Is there any way to wake the computer remotely so that others computers dont need to be on i.e. send the packet to the router and through a forwarded port which the sleeping computer recognises and then powers on?

----------

## ZmiyGorinich

I think this must work. I try it and say does is working

----------

## Unclethommy

I've mustered the strength to try wake on lan. The connection is fine for the moment but mr postman seems to be complaining now for some reason that it cant fetch my gmail and hotmail accounts. On trying to wake my computer from my sisters computer on the same LAN network (she has windows) using the windows WOL GUI program on the Depicus website, the computer didnt start (disappointingly). Does anyone have any ideas? I'm sure i've copied the MAC address correctly. Also, I noticed that the wake on internet option on the site sends the signal to the wrong IP address..... 

Any ideas?

----------

## abalint21

 *Unclethommy wrote:*   

> I've mustered the strength to try wake on lan. The connection is fine for the moment but mr postman seems to be complaining now for some reason that it cant fetch my gmail and hotmail accounts. On trying to wake my computer from my sisters computer on the same LAN network (she has windows) using the windows WOL GUI program on the Depicus website, the computer didnt start (disappointingly). Does anyone have any ideas? I'm sure i've copied the MAC address correctly. Also, I noticed that the wake on internet option on the site sends the signal to the wrong IP address..... 
> 
> Any ideas?

 

Hello! I would want to do the same thing... to wake up my PC from the internet trough a router, by sending the magick packet to the LAN's broadcast address, but so far didn't manage to do this. I have to gentoo boxes, and if one is up, I can wake up my other PC. So far I couldn't find a program on linux like the one of Depicus is providing.
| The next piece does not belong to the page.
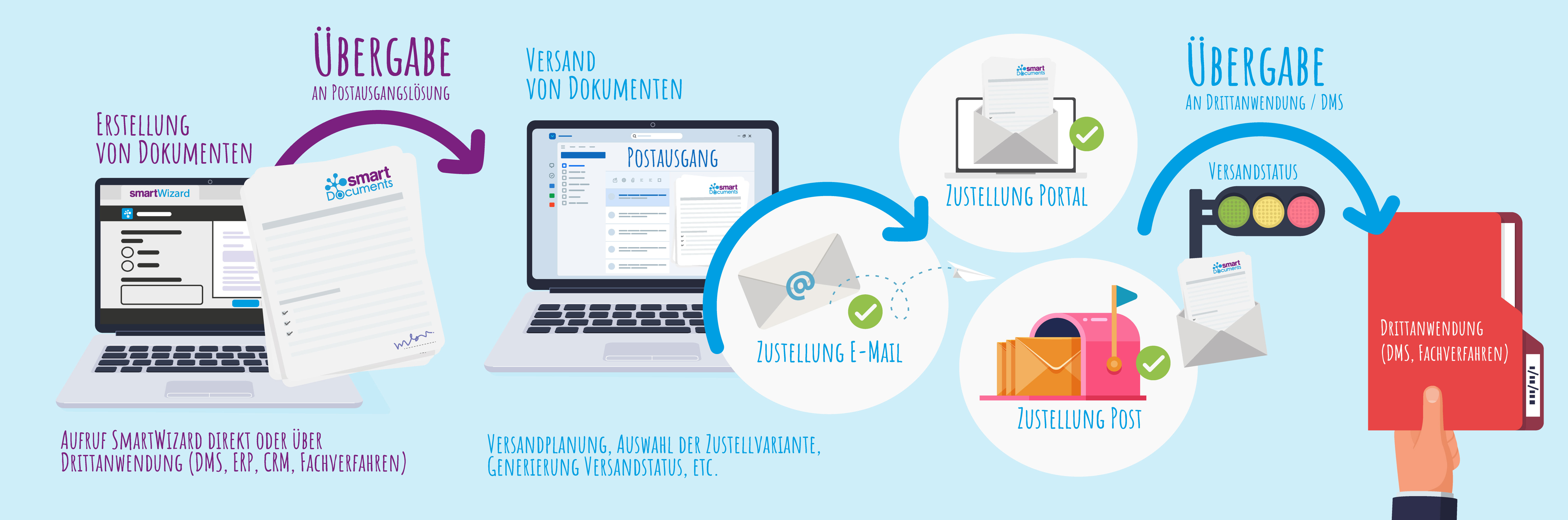 Schaubild: Das Zusammenspiel aus Dualer Zustellung und Vorlagenmanagementsystem. &Uuml;ber SmartDocuments generierte Dokumente werden an die Postausgangsl&ouml;sung &uuml;bergeben. Die Postausgangsl&ouml;sung verwaltet, wie die Dokumente zugestellt werden sollen: Als E-Mail, in ein Portal oder per Post. Der Versandstatus wird im Anschluss an das DMS/die Fachanwendung zur&uuml;ckgespielt.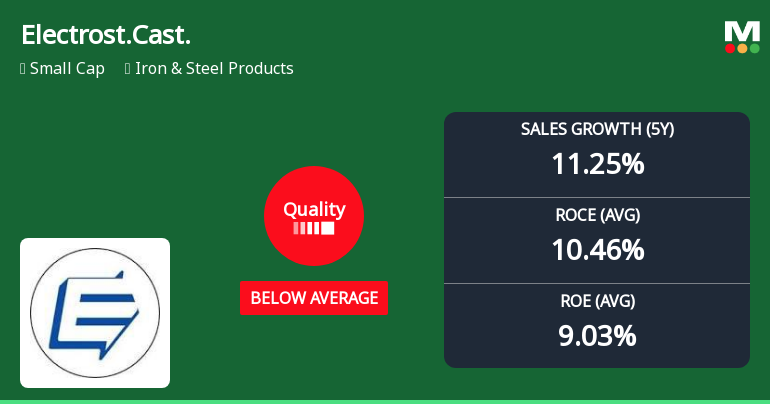 Electrosteel Castings Ltd Downgraded to Strong Sell Amid Deteriorating Quality Metrics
I hope I'll have more time in the near future, and I'll conduct some experiments... I'll let you know what I come up with!  :Wink: 

Until then... only the best,

   X

----------

## Unclethommy

Thanks for the help. Hope we can find a solution cos I think it would be really cool.

----------

## Judge584

Hi,

I'm using WOL over internet, and it is working like a charm.

I'm using the tool on www.depicus.com to wake up my Gentoo at home from work: http://www.depicus.com/wake-on-lan/woli.aspx

My gentoo is behind an adsl modem/router, so this is not a problem.

How to get WOL working:

Just follow this wiki: http://gentoo-wiki.com/Wake_on_lan

And If you're behine a router like me, don't forget to set a port forwarding rule on port 7.(port 7 is the default port for WOL)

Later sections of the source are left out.